Палатинаты, например, епископство Даремское, Честер или коронное герцогство Ланкастерское не входили в общую правовую структуру королевства. Их жители не выбирали депутатов в парламент и не могли апеллировать по судебным делам в лондонские суды - высшей инстанцией для них были местные палатинские Courts of Chancery (упраздненные в 1970-х).
Так вот, когда в 1668 г. в Парламенте зашла речь о том, не наделить ли жителей Дарема избирательными правами (enfranchise), духовный канцлер епископства выступил категорически против. Он сказал так: если билль будет принят, то подавляющее большинство жителей палатината, не имеющее в нем гражданских прав, не сможет голосовать на парламентских выборах.
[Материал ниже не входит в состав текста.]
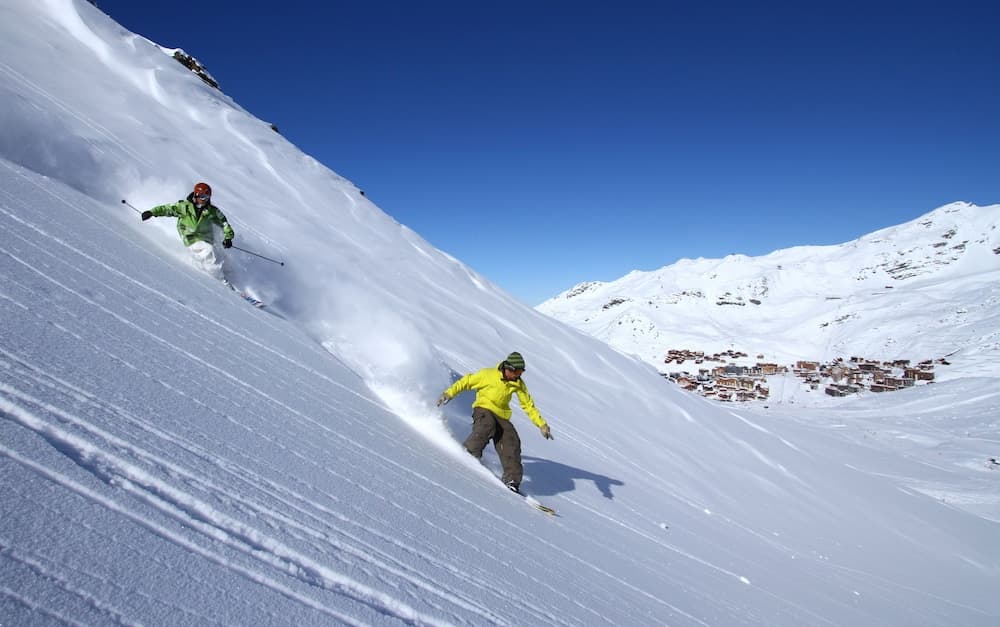 Ski hill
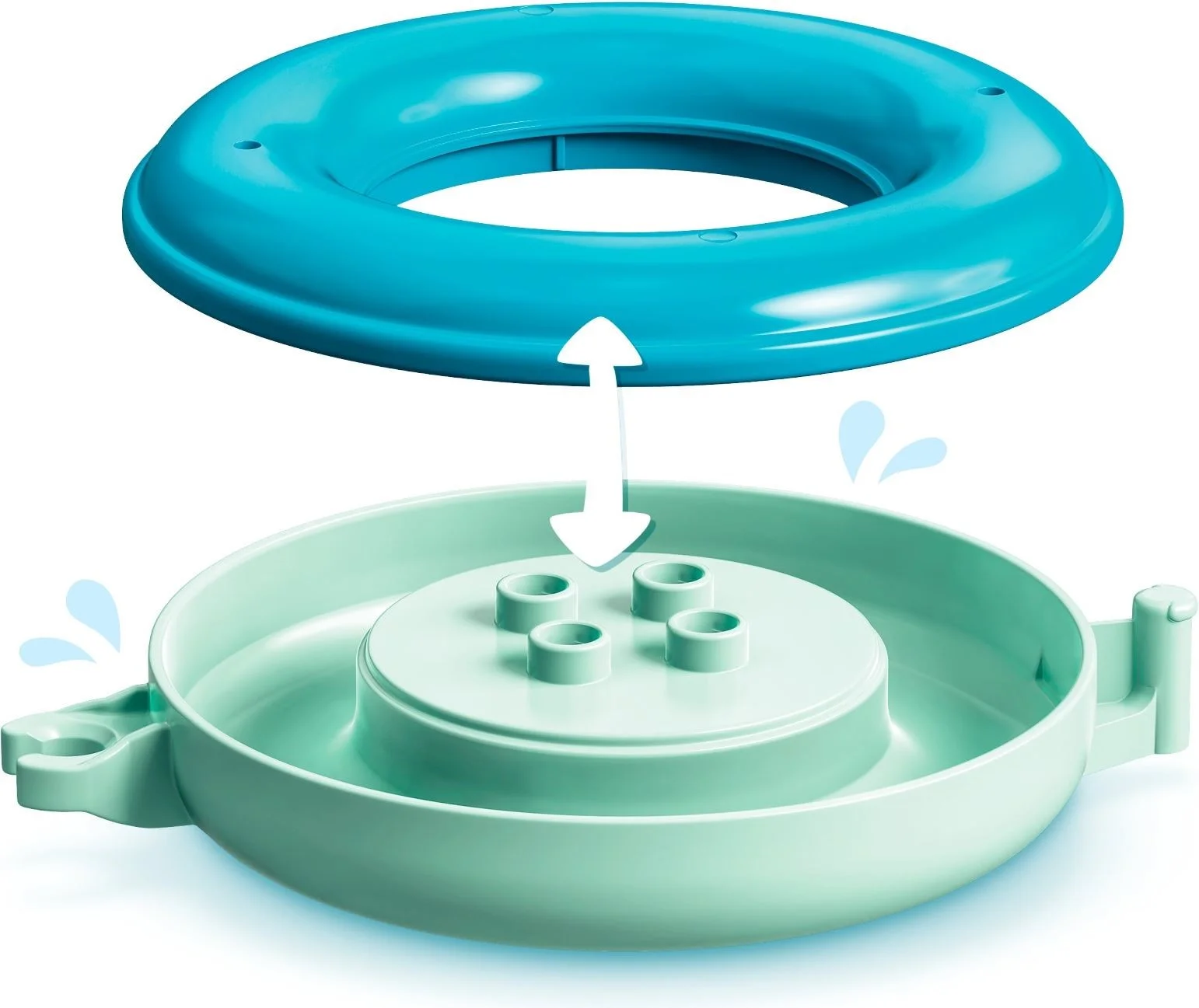 LEGO® 10966 LEGO DUPLO Zabawa w kąpieli: pływająca wyspa ze zwierzątkami - zdjęcie 5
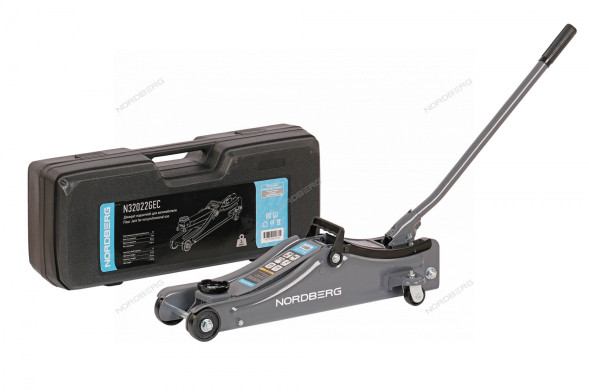 Домкрат подкатной NORDBERG N32022GEC для автолюбителя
А смогут голосовать одни только граждане (freemen), не составляющие и десятой доли его населения. Почему это ничтожное меньшинство должно принимать решения, касающиеся всех остальных?
На мой взгляд, это очень интересный пример, обнажающий одно фундаментальное противоречие. Речь о противоречии между демократическими и республиканскими ценностями: ценностями эгалитаризма и политического участия. Сплошь и рядом (да кого мы обманываем - всегда) оказывается, что, если открутить гайки и дать политические свободы, то по факту этими свободами будет пользоваться лишь небольшой процент населения. Меньшинство ходит на митинги, меньшинство занимается активизмом, да даже и на выборы тоже ходит меньшинство.
Поэтому, как это ни парадоксально, демократические движения очень легко критиковать, апеллируя к демократическим же ценностям. Типа, ну да, вывели на улицы десятки тысяч, но это же 0,1% населения. Почему мы должны вас слушать?
В рамках демократической парадигмы (один человек - один голос), ответить на это по сути нечего. Поэтому оптимальнее всего апеллировать в ответ к ценностям не демократическим, а республиканским. Ценностью является не столько эгалитаризм, сколько политическое участие. Так что голос активного меньшинства, которое приняло решение участвовать в политике, весит больше, чем голос молчаливого большинства, которое участвовать в ней не желает. Древние афиняне с такой логикой вполне бы согласились.